▸ **REQUIREMENT**
Every line of the following records that includes "Chic" should be copied.

▸ **Stored dataset items**
%%

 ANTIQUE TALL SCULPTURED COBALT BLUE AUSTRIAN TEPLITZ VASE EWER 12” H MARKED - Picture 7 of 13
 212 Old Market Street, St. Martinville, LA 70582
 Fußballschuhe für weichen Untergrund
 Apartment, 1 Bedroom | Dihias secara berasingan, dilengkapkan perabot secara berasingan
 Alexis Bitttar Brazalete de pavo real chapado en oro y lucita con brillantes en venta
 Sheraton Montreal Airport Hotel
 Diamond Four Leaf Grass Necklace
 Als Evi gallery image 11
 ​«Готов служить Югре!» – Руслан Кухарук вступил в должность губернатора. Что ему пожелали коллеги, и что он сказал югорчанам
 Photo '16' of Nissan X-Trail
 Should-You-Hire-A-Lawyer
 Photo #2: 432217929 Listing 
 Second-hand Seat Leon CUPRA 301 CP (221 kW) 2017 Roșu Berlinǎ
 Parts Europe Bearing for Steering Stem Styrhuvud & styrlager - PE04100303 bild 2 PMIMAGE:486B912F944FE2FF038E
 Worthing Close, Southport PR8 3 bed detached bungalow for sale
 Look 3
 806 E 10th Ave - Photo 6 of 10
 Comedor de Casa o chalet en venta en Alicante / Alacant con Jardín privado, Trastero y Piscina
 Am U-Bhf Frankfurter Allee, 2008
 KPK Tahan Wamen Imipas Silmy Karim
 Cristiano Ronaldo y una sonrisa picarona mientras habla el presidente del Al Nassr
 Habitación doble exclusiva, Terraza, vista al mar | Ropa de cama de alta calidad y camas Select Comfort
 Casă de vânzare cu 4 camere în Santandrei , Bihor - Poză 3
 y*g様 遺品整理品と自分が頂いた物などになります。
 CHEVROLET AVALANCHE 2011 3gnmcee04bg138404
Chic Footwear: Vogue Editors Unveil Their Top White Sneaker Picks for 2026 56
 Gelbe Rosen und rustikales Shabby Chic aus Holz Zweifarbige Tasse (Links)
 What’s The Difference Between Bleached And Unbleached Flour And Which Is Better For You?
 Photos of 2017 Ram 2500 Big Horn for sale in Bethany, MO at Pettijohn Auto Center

%%

▸ **RESPONSE AREA**
Chic Footwear: Vogue Editors Unveil Their Top White Sneaker Picks for 2026 56
 Gelbe Rosen und rustikales Shabby Chic aus Holz Zweifarbige Tasse (Links)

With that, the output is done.